Directions:
Look for the line containing "Sweetzone Rainbow Lollies Bag 182g" and the line containing "KUBUS Brown Candle Holder" in the entries below. Copy those two and all lines between them exactly, leaving out pictures.

##### Entries supplied #####

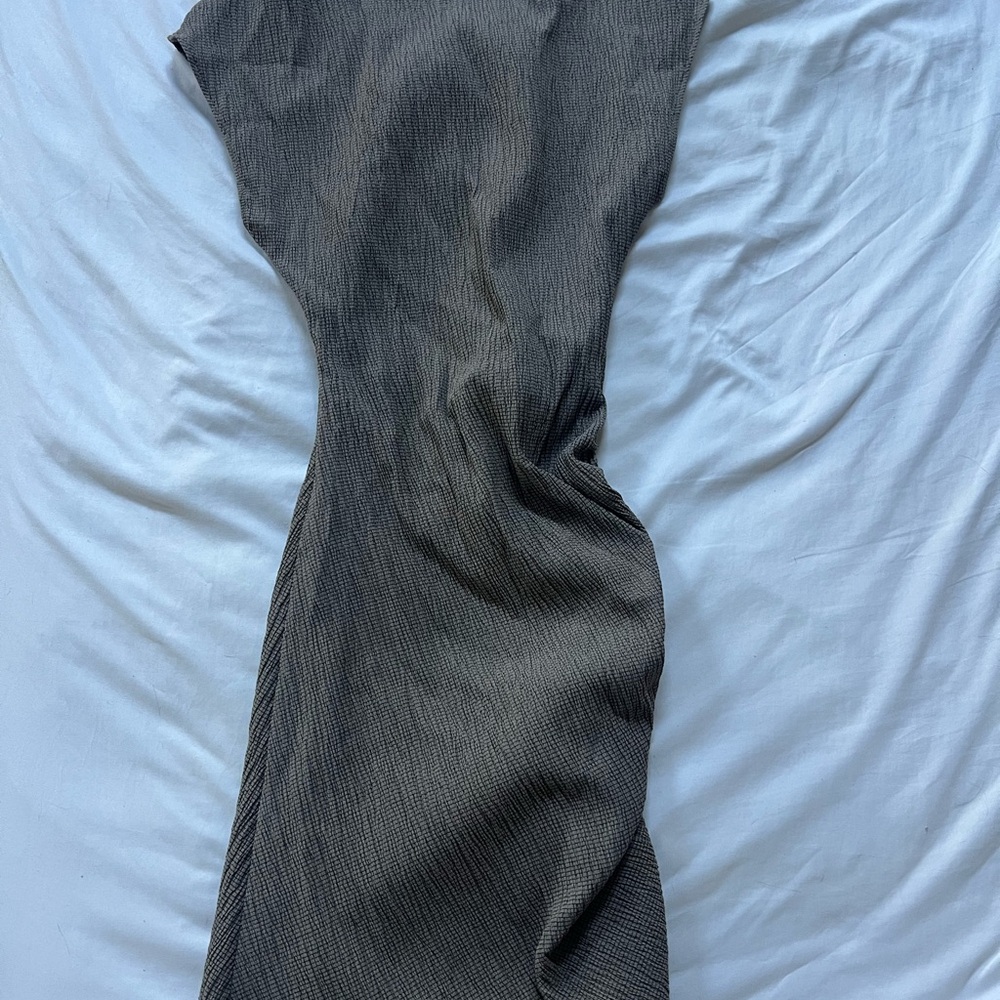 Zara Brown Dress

#####
##### Entries supplied #####

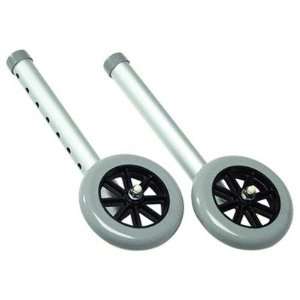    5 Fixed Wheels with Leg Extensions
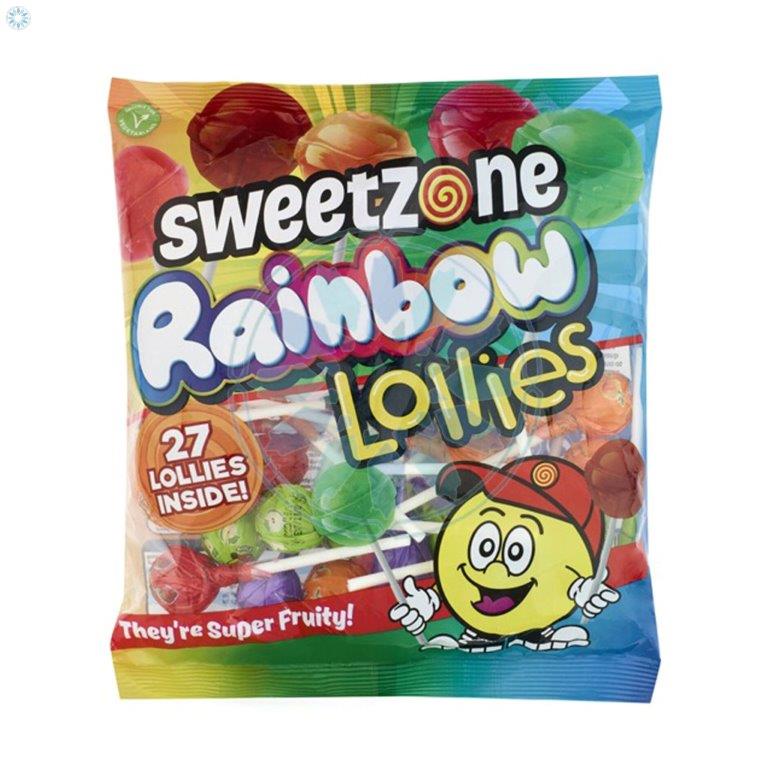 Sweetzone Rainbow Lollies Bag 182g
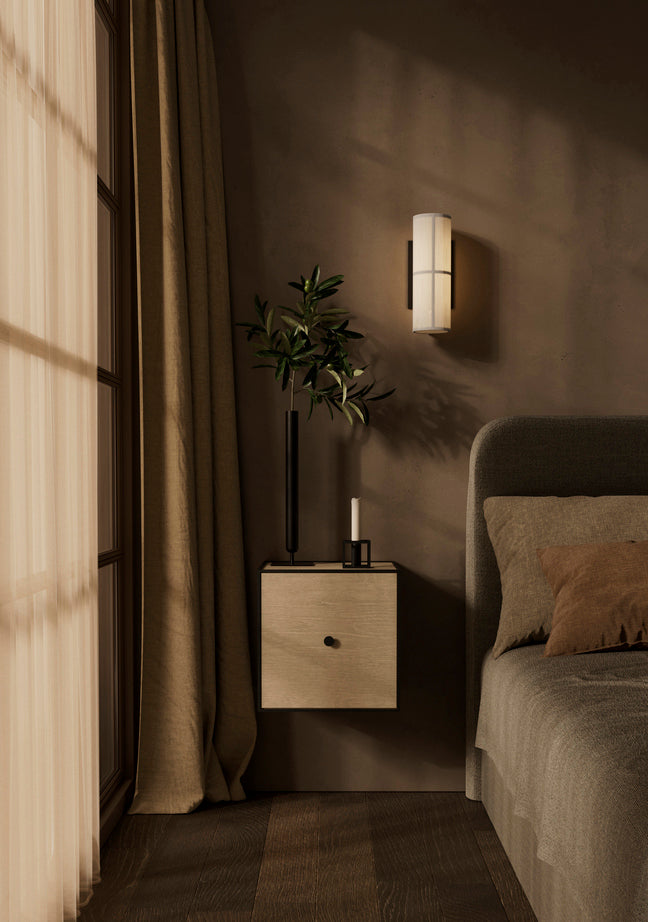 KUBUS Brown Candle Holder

#####
##### Entries supplied #####

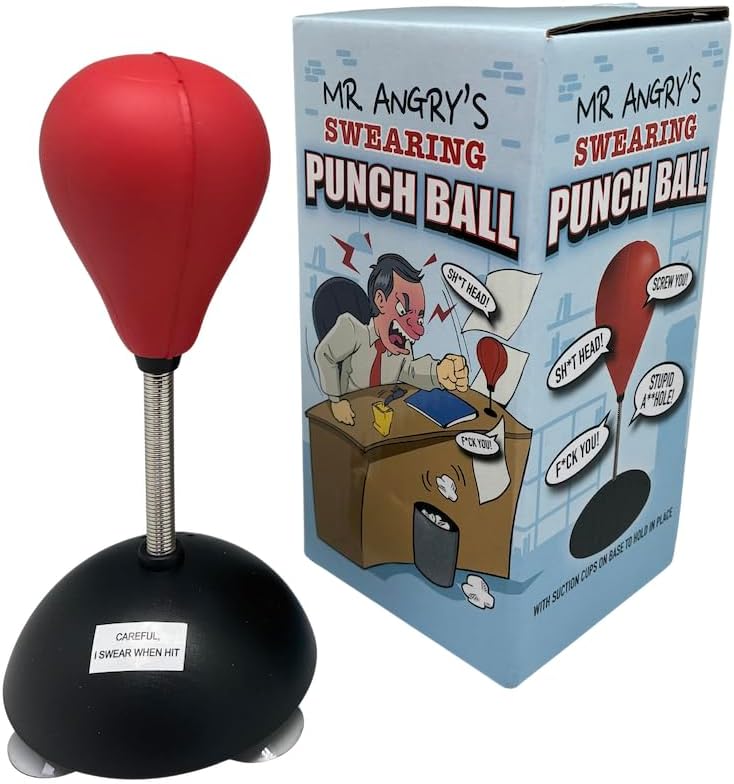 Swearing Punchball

#####

Reply to the task:
 Sweetzone Rainbow Lollies Bag 182g
 KUBUS Brown Candle Holder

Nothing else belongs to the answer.